» **Stored data**
━━━━━━━━━━━━━━━━━━━━

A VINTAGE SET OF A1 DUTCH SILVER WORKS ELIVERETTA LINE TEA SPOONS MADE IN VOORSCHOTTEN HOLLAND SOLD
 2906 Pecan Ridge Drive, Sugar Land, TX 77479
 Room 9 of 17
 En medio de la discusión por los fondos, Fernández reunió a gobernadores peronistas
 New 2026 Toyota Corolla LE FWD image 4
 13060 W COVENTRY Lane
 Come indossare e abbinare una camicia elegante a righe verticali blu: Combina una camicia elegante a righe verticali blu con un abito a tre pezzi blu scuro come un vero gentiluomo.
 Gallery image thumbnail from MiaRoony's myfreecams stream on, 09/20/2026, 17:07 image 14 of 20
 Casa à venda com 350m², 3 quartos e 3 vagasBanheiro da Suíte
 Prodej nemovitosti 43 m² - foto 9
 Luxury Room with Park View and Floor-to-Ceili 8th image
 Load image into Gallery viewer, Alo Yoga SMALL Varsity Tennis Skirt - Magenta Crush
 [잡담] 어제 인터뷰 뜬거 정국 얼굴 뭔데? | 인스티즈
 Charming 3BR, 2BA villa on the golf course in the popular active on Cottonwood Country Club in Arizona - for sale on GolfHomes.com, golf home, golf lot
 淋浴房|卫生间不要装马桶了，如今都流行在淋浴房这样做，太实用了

━━━━━━━━━━━━━━━━━━━━

» **Aim of the task**
Taking the line with "Casa à venda" as the first, copy every line through the end of the entries above exactly, with no others.

» **Answer for this exercise**
 Casa à venda com 350m², 3 quartos e 3 vagasBanheiro da Suíte
 Prodej nemovitosti 43 m² - foto 9
 Luxury Room with Park View and Floor-to-Ceili 8th image
 Load image into Gallery viewer, Alo Yoga SMALL Varsity Tennis Skirt - Magenta Crush
 [잡담] 어제 인터뷰 뜬거 정국 얼굴 뭔데? | 인스티즈
 Charming 3BR, 2BA villa on the golf course in the popular active on Cottonwood Country Club in Arizona - for sale on GolfHomes.com, golf home, golf lot
 淋浴房|卫生间不要装马桶了，如今都流行在淋浴房这样做，太实用了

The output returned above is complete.